I think it’s also important because it means, even though we’re working to help people up the curve, and we can think of those efforts as trying to balance it out and make our long tail less spiky, we shouldn’t beat ourselves up about this too much, because there’ll always be new people joining the long tail at the bottom of the curve, so we’ll never succeed in changing the shape actually.

Slide 38

 

I’ve talked a lot about the map editing curve, but what if we get a bit abstract and just say here’s a graph of the general level of participation and dedication our OSMers have.

This graph explains a lot when it comes to things like trying to build the OSMF working groups, or just generally any situation where we’re putting out a call for help or participation.

We get frustrated at how few people respond. I think it was a mailing list rant from Zverik recently in which he complained that OpenStreetMap is a big community, but it feels like a small bunch of hobbyist programmers. This chimed with me, because when I ask for help with CWG, it feels like I’m shouting into the void, and when we try to get good people into the OSMF working groups, we seem to end up with the same good people we already knew in the first place, who are already busy with other working groups.

I think this graph explains these frustrations.
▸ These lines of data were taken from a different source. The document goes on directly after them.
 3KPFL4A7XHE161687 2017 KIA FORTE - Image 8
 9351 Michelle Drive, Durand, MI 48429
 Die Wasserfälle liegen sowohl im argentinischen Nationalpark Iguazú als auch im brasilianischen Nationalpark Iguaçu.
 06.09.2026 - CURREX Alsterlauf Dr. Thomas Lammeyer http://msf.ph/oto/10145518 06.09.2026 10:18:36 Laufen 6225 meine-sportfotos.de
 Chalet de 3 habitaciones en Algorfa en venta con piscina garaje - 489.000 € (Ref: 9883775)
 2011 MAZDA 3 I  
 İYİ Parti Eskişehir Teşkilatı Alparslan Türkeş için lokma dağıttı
It’s not a solution, although maybe we can imagine some way of plucking good people from the long tail, and getting them into the “dedicated” group on the left.

Slide 39

 

So that’s it. The “long tail of OpenStreetMap”

It’s actually a pretty negative graph of frustration and imbalance. It’s a very frustratingly lop-sided community. You could say it’s negative because my message is very “elitist”. “Hey look at me I’m a dedicated OSMer. Look at all you people making puny contributions” or it’s negative because it’s so unfair that so few people are shouldering most of the burden of “work” within the community.

….Frustration and imbalance!

But there’s a few positives. As I mentioned, there’s new people joining the long tail all the time, which represents us succeeding at outreach. It also means the graph was always going to be this shape anyway.

But I’ll end on another positive message…

Slide 40

 

I actually find myself showing the long tail graph to new people as I’m about to teach them editing for the first time. I show them it, and say the following to them…

If you learn to make edits to the map, you actually only need to make a small contribution and you can find yourself ranking above most of the OpenStreetMap community (By my calculations you need to make just 25 edits, and you’re ranked in the top half). You can quite quickly consider yourself an experience pro-mapper, blasting your way up the curve, and capable of teaching other people how to map.

This is because of the shape of the community… The Long Tail Of OpenStreetMap

Slide 41

 

Thanks very much!

I’ll be around for questions, and I have some polo shirts which I can sell you for 200 pesos!